**Prompt:** From the listing below, restate word for word the lines from the line containing "Giebelansicht WIntergarten - Ein-Zweifamilienhaus" down through the line containing "A bouldering gym". Exclude pictures.

**Material for the task:**
┌────────

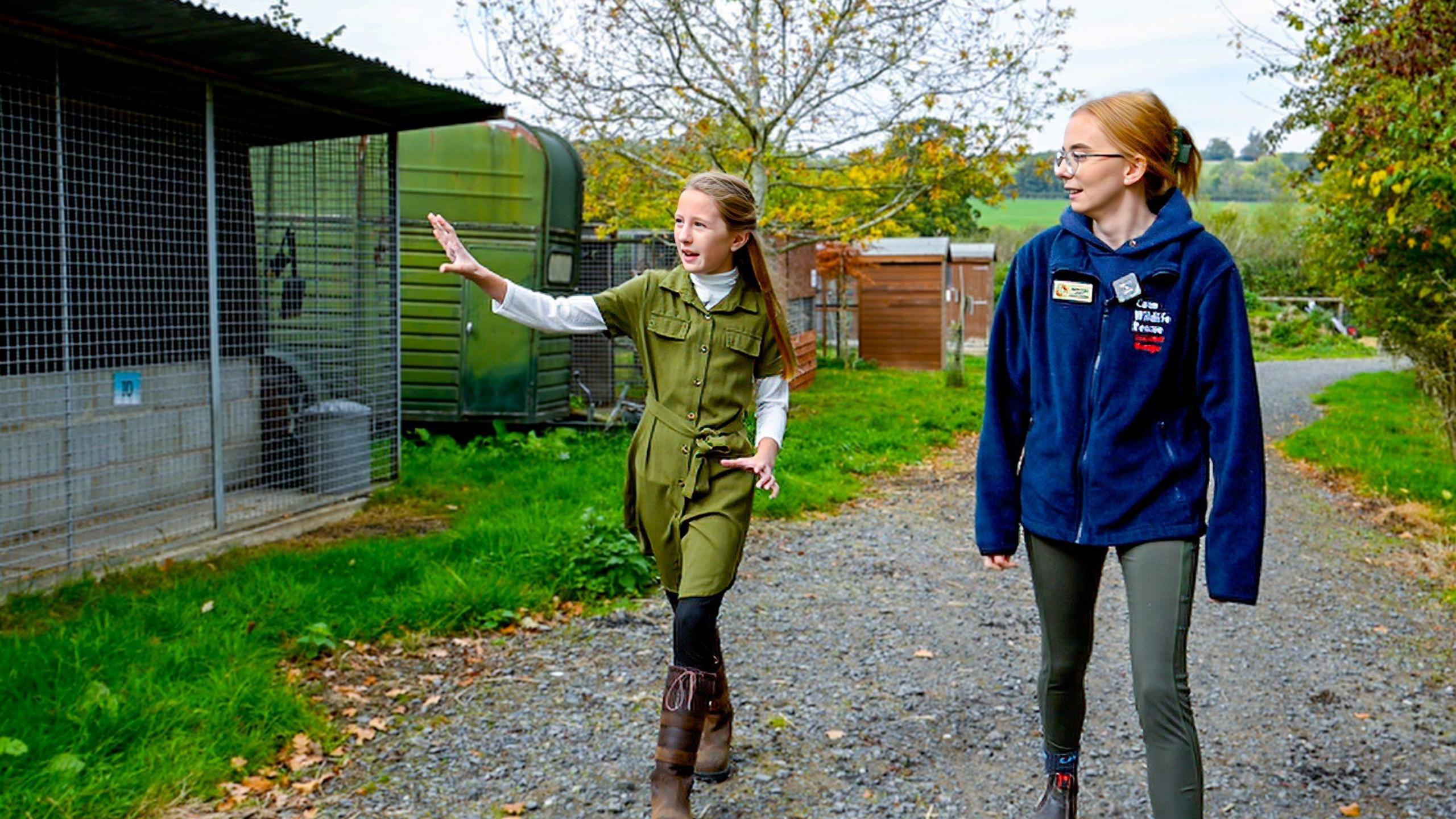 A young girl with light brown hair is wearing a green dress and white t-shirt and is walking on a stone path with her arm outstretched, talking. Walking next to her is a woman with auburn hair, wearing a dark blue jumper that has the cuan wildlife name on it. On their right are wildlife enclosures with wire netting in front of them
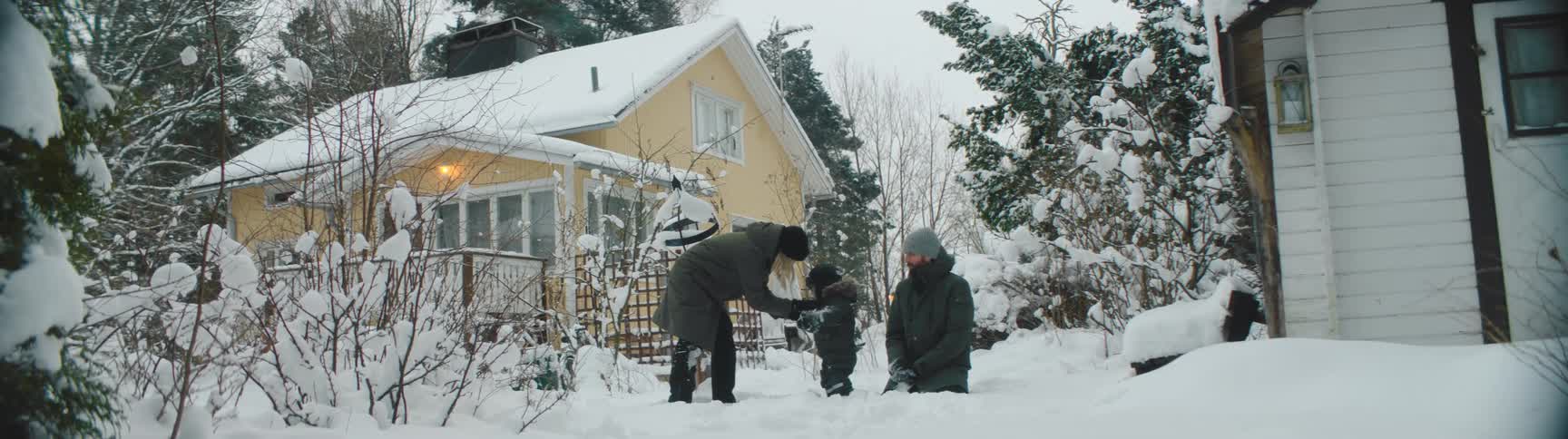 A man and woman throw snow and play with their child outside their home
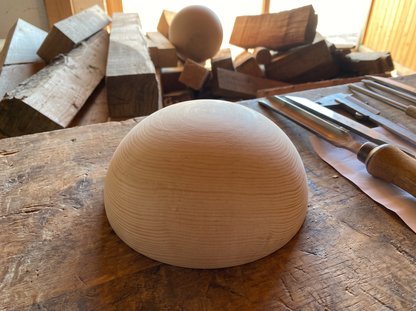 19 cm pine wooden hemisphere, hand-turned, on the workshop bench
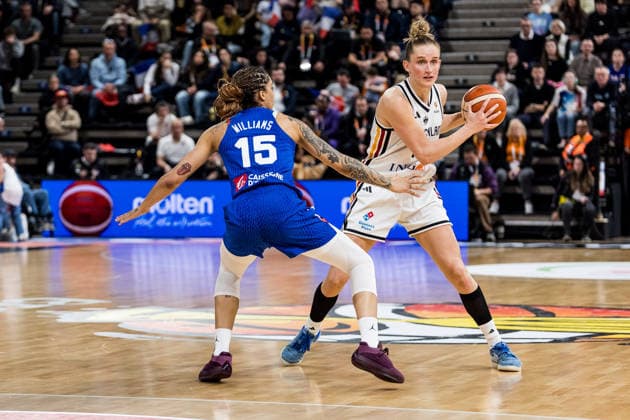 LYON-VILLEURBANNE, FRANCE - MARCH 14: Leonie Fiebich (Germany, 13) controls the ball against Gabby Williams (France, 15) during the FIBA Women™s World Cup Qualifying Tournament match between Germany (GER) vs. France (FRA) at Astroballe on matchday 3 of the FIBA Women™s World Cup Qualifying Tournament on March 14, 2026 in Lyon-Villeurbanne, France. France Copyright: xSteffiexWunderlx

└────────
┌────────

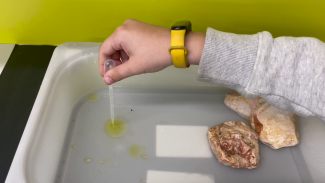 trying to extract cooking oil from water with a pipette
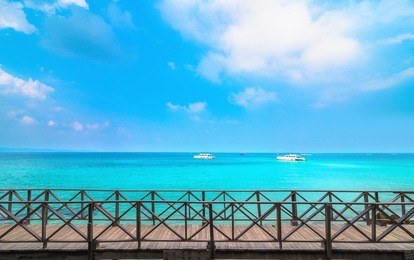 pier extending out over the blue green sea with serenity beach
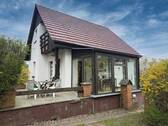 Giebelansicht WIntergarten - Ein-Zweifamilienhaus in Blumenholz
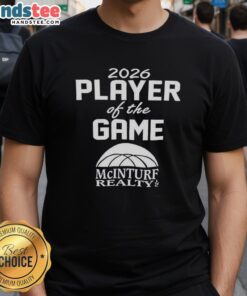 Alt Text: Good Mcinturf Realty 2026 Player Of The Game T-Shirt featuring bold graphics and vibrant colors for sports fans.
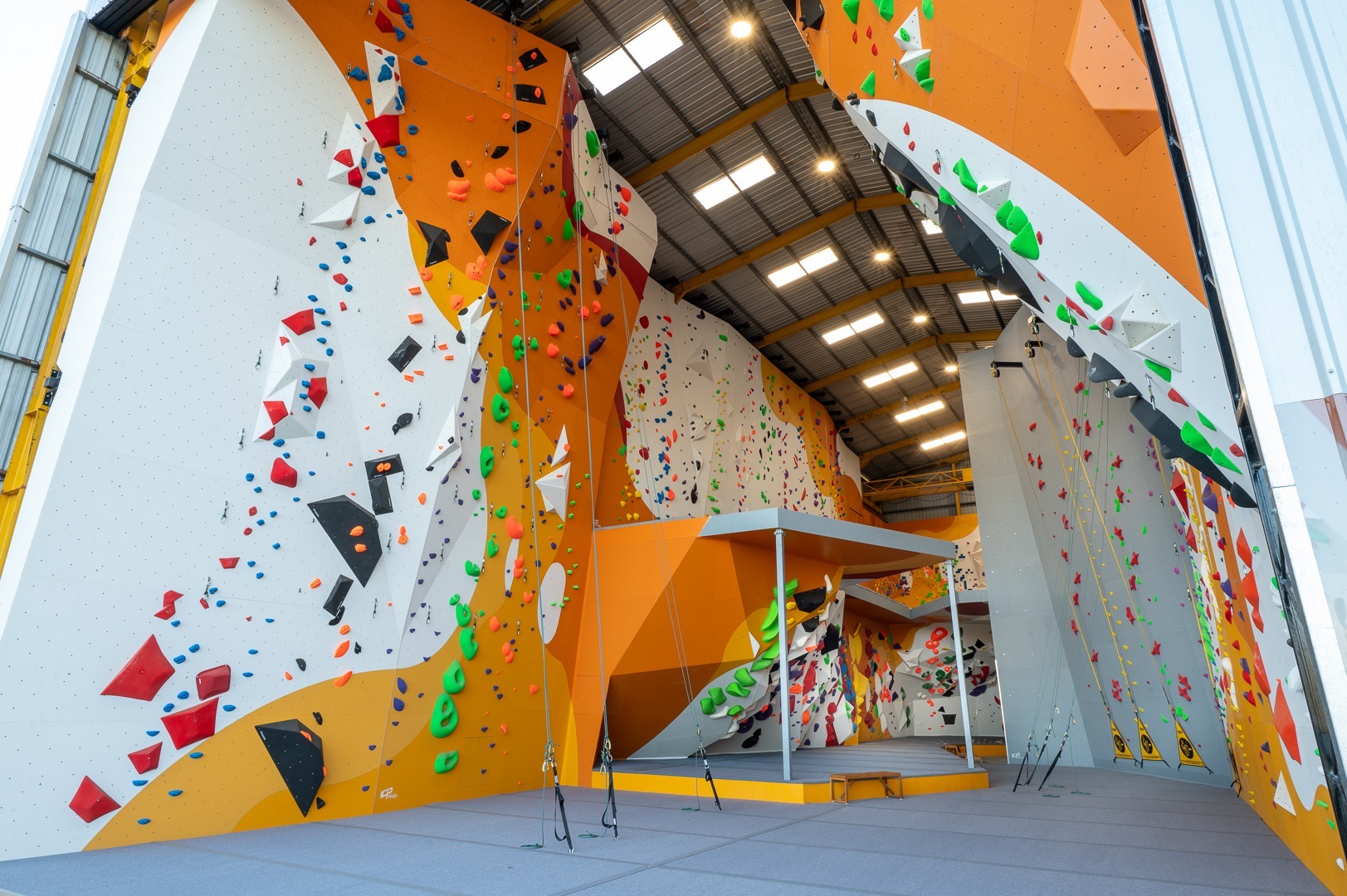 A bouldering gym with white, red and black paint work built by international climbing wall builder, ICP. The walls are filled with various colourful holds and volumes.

└────────

**Answer box:**
 Giebelansicht WIntergarten - Ein-Zweifamilienhaus in Blumenholz
 Alt Text: Good Mcinturf Realty 2026 Player Of The Game T-Shirt featuring bold graphics and vibrant colors for sports fans.
 A bouldering gym with white, red and black paint work built by international climbing wall builder, ICP. The walls are filled with various colourful holds and volumes.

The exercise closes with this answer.